Assigned task = Down to the last line of the listing, starting at the one with "The Sims Bustin", retype each line exactly. Do not copy the pictures.

Raw data =
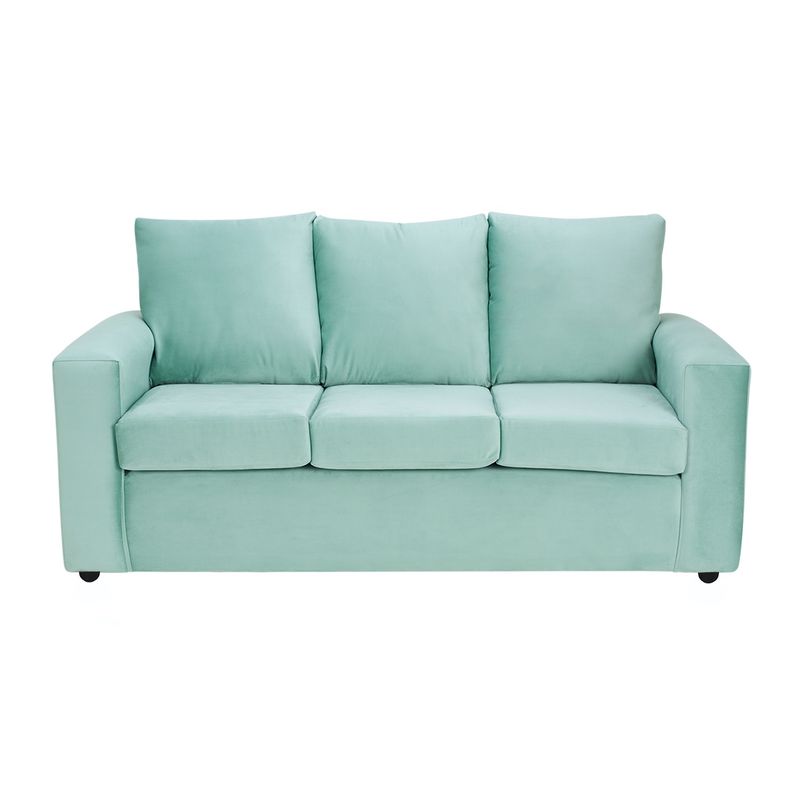 BODEVIR - Sofa Kendy 3C Felpa 30 Verde Agua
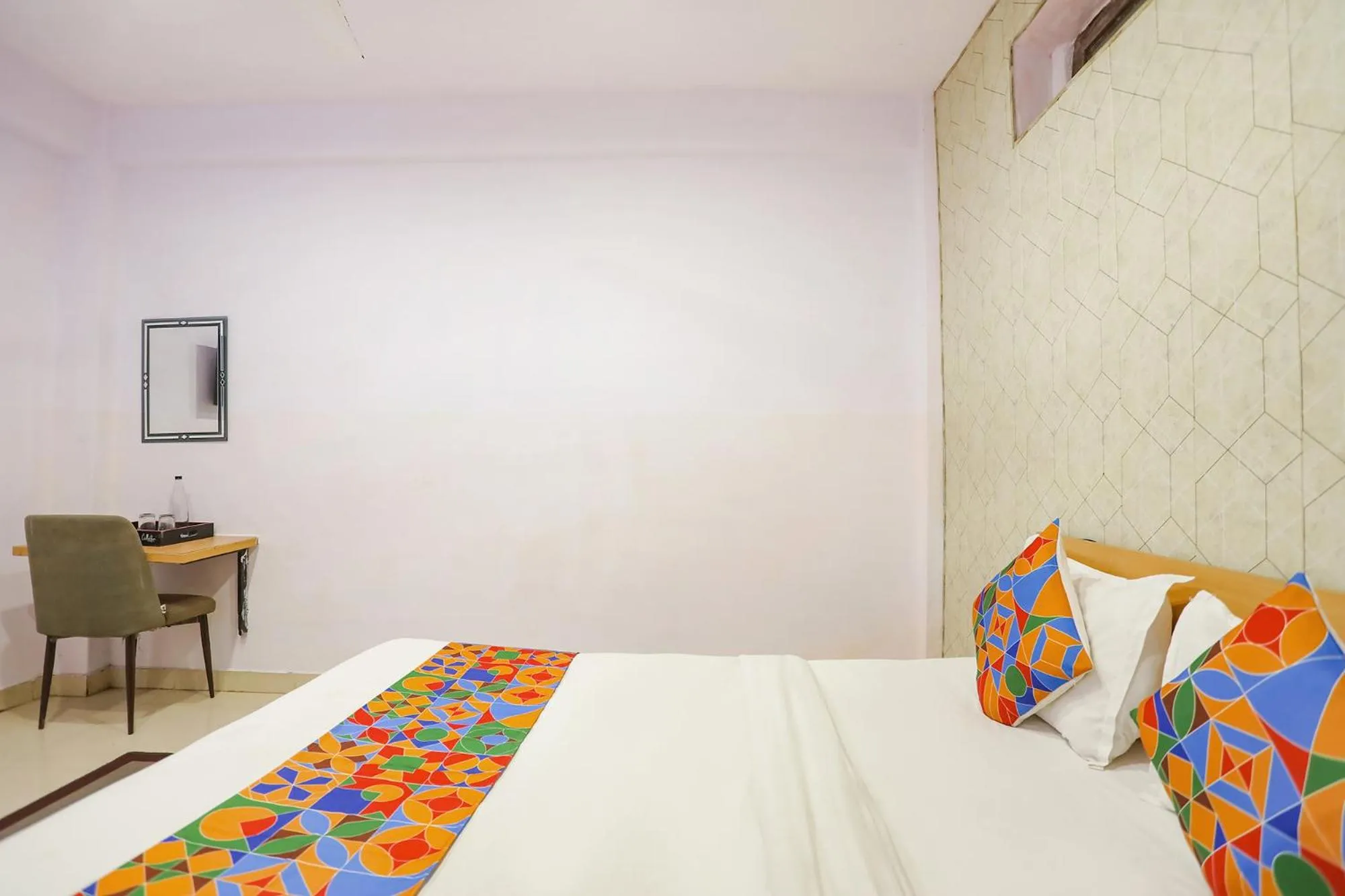 Bed in FabHotel Pranjul Inn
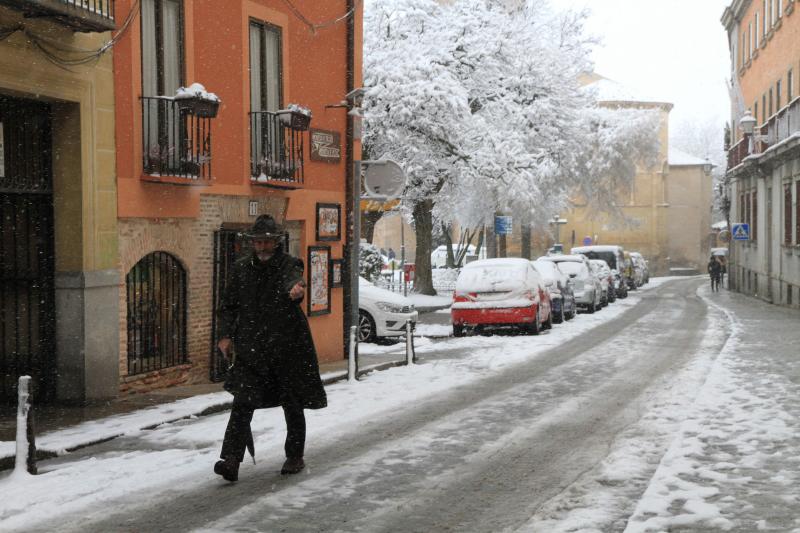 Nieve en la provincia de Segovia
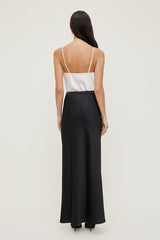 Satin Maxi Skirt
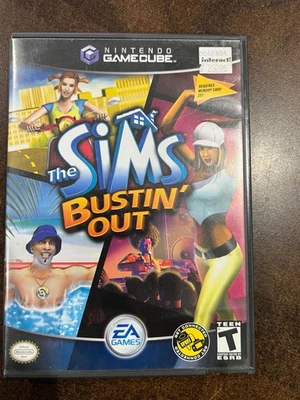 The Sims Bustin Out Nintendo GameCube - Complete!! - Image 1 of 4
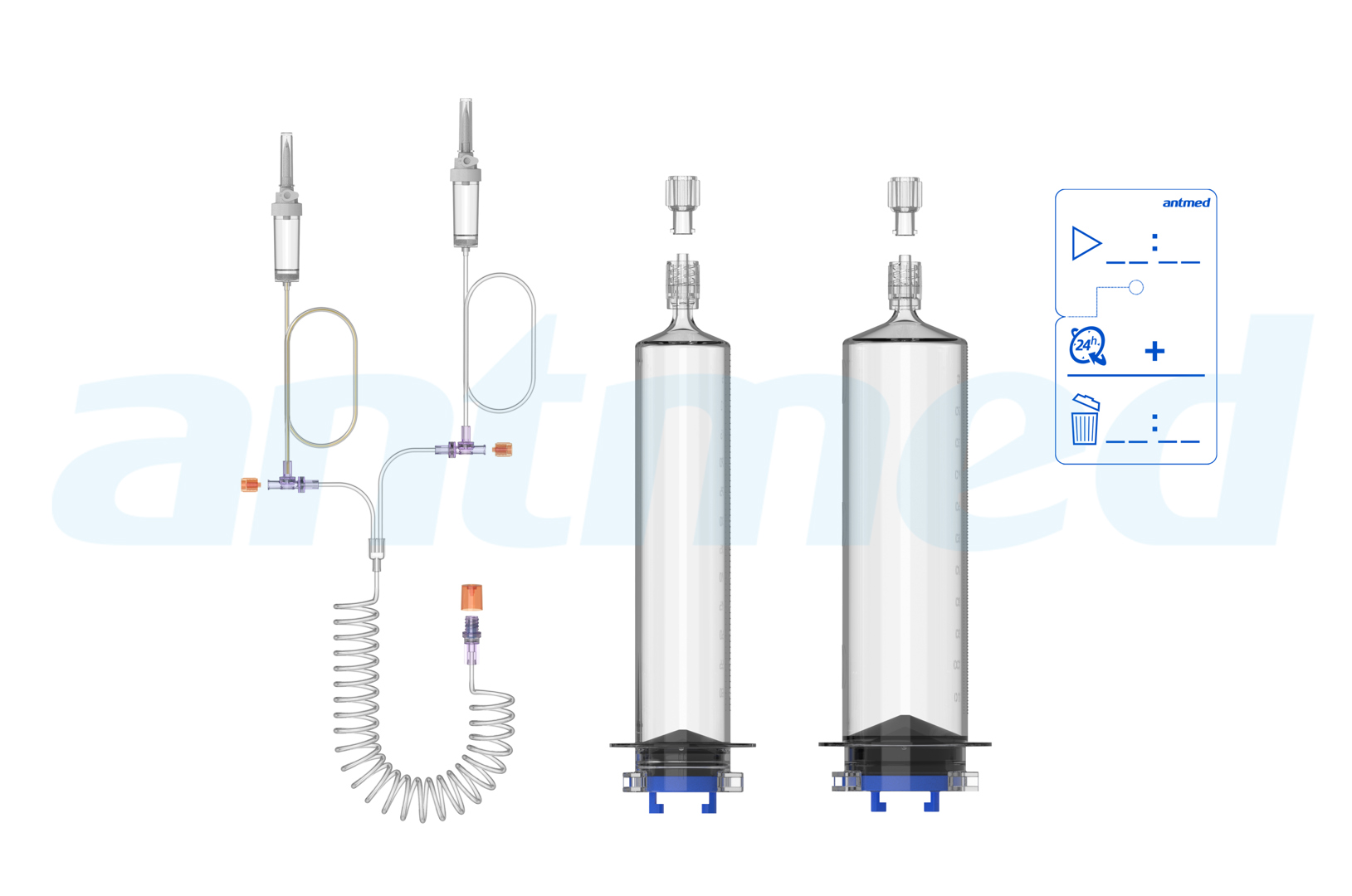 24hours Multi-patient syringe system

Written response =
 The Sims Bustin Out Nintendo GameCube - Complete!! - Image 1 of 4
 24hours Multi-patient syringe system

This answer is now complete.